Without any doubt, the scenario I am about to recount is the most common from the many readers of this column, and sign companies across the U.S. It goes like this:
A town has a restrictive sign code: no electronic message signs, monument signs limited to six feet above ground level, and signs must be set-back from the street. But the main sign at city hall? It is a monument sign 10 feet above ground level, with a brand-new color EMC, set one foot from the curb.
YES, THEY CAN DO THAT
Then I’m asked, “They can’t do that, can they?” In many jurisdictions, and in many circumstances, the answer is yes; the city can restrict certain signs on private property, and deploy those exact same signs—without restriction—on its own public property.
The case law is a mixed bag on this issue, however. Courts have used at least four different legal theories to reach a result in litigation where a municipality is sued by a private party claiming the municipality is in violation of its own zoning ordinance. Almost always at issue is the very definition of governmental function or activity. If that sign at city hall furthers a public function, immunity from the zoning ordinance is granted—and the private property owner loses.
Briefly, these are the four theories:
WHAT IS PROPRIETARY?
First is an approach that differentiates between government and “proprietary” functions. Here, for example, a municipality has an EMC on its main identification sign even though EMCs are prohibited elsewhere. The government-proprietary distinction asks the question, what use is being made of the public property? As the primary administrative offices for the government, the sign is allowed. But perhaps not if the facility is rented for private functions and activities.
Second is a legal theory called balancing of the interests, often used by courts where there is little statutory language available, in an area with little case law to indicate precedent. Among questions a court would want to address are: What is the legislative intent? What function or activity is part of the property? And, what is the impact of immunity on legitimate yet competing local interests.
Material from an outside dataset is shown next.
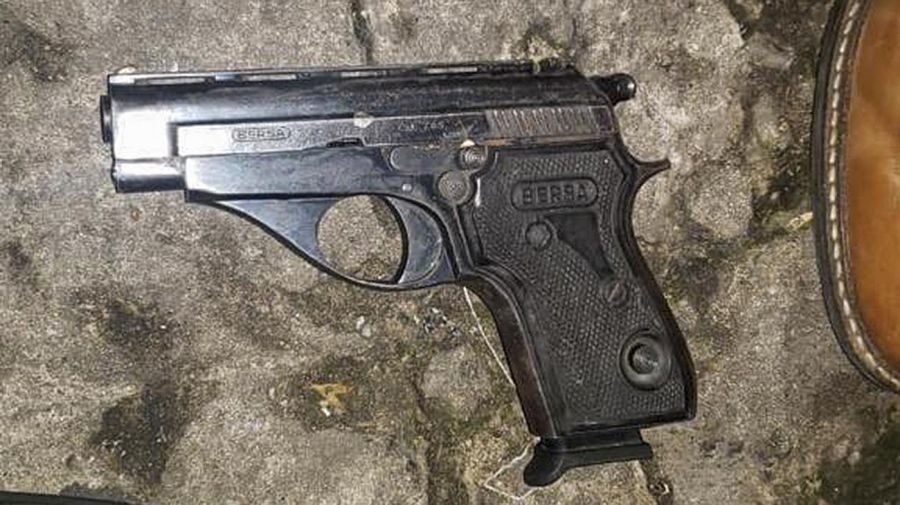 Encontraron casi un centenar de balas en la casa del agresor de Cristina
Third, a court may look to a locality and its use of the power of eminent domain, where a governmental unit has police power to take property for public use. From this power—where the government is granted immunity—a court will look for similar public functions.
Finally, some courts only will make a decision after detailed study of the language in the relevant statute, giving thought to the meaning of words such as “governmental interest” and “public use.”
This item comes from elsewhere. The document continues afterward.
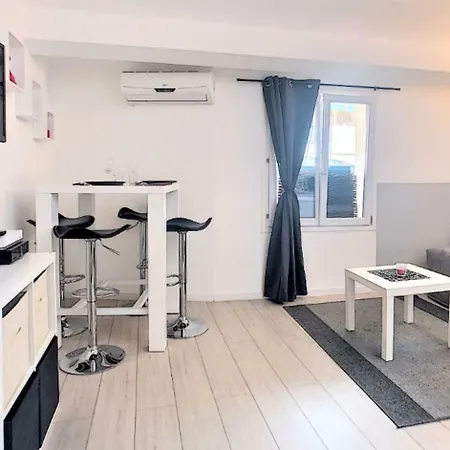 Nice Studio With Mezzanine For 4 People In Center * Cannes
GEORGIA STREET FURNITURE ADS
Now, let’s put these legal theories into action. First is a 1988 Georgia case, Board of Commissioners of Chatham County v. Chatham Advertisers. Here the dispute was over whether the county had the right to contract with an outside company to install benches at bus stops at no expense to the county, and then sell advertising on those benches, assuming a split of ad revenue between the county and the private company.
The Supreme Court of Georgia found the contract valid, noting this rule, “A county may use property it owns for a necessary governmental purpose, even though such use violates a zoning ordinance.” The court said its use of “governmental purpose” includes all governmental functions, whether purely governmental or proprietary.
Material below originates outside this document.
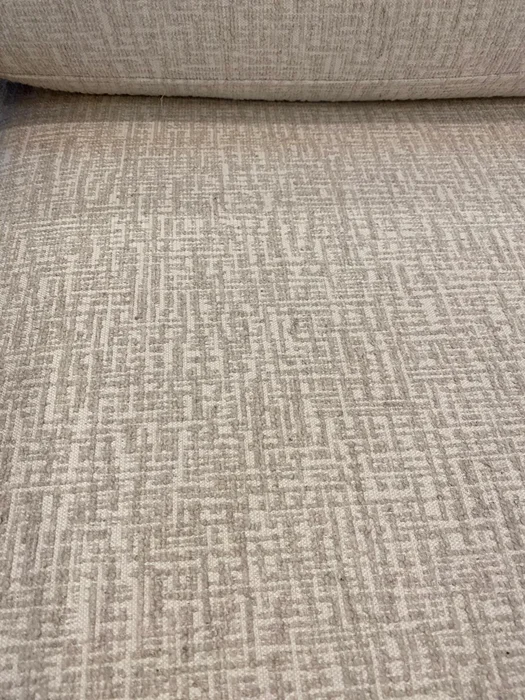 POLTRONA MODELO AGATHA - Muebles, Uruguay | Indrana, vista 3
A ROOF SIGN FOR A HOSPITAL
Also in Georgia is a 1992 case, Macon-Bibb County Authority v. Madison. Here is a more complicated situation than just a city hall sign; in this case, a hospital wanted to install a roof sign on its facility, even though roof signs were prohibited by a local zoning ordinance. The court first relied on its finding from Chatham County.
But the sticking point in this litigation was the definition of a “governmental purpose.” After all, the hospital was not the city hall building. The court reviewed a list of factors that might tend to establish the hospital as deserving of immunity from the application of the zoning ordinance. The factors included: that the hospital was created by act of a “public body or politic,” that the board of the hospital was appointed by the “governing body of the relevant political subdivision;” that the hospital was exempt from taxes; that it could use the power of eminent domain; that the hospital received tax revenues; and that the political subdivision would have a say in the disposition of hospital property if there was a dissolution.
Based on the above comments, the legal landscape is disappointing, to say the least. A municipality usually has the right to install a sign on its own public property, even though that same sign is prohibited if installed on private property.
IMPLICATIONS FOR THE SIGN COMPANY
Yet the impact is even more complicated for the sign company owner than just the straight-up legal analysis. First, a sign company that is convinced the municipality has no immunity from zoning regulations is going up against the very body that regulates its sign installations on private property.
Second, the sign company may be bidding on making or installing the city hall sign or EMC. Litigating (even complaining) against a customer/regulator is a tough choice.
Finally, here is what is most frustrating: the municipality is sending a clear message that the sign with the higher elevation, the sign with the electronic message display, is a favored solution—just not for private property owners.
Cities are showing us that they know all too well what a sign needs in size, placement and use of technology. Somehow, we have to use that knowledge to continue the conversation, and the fight for private property owners to have signs that work as well for a business as for the government.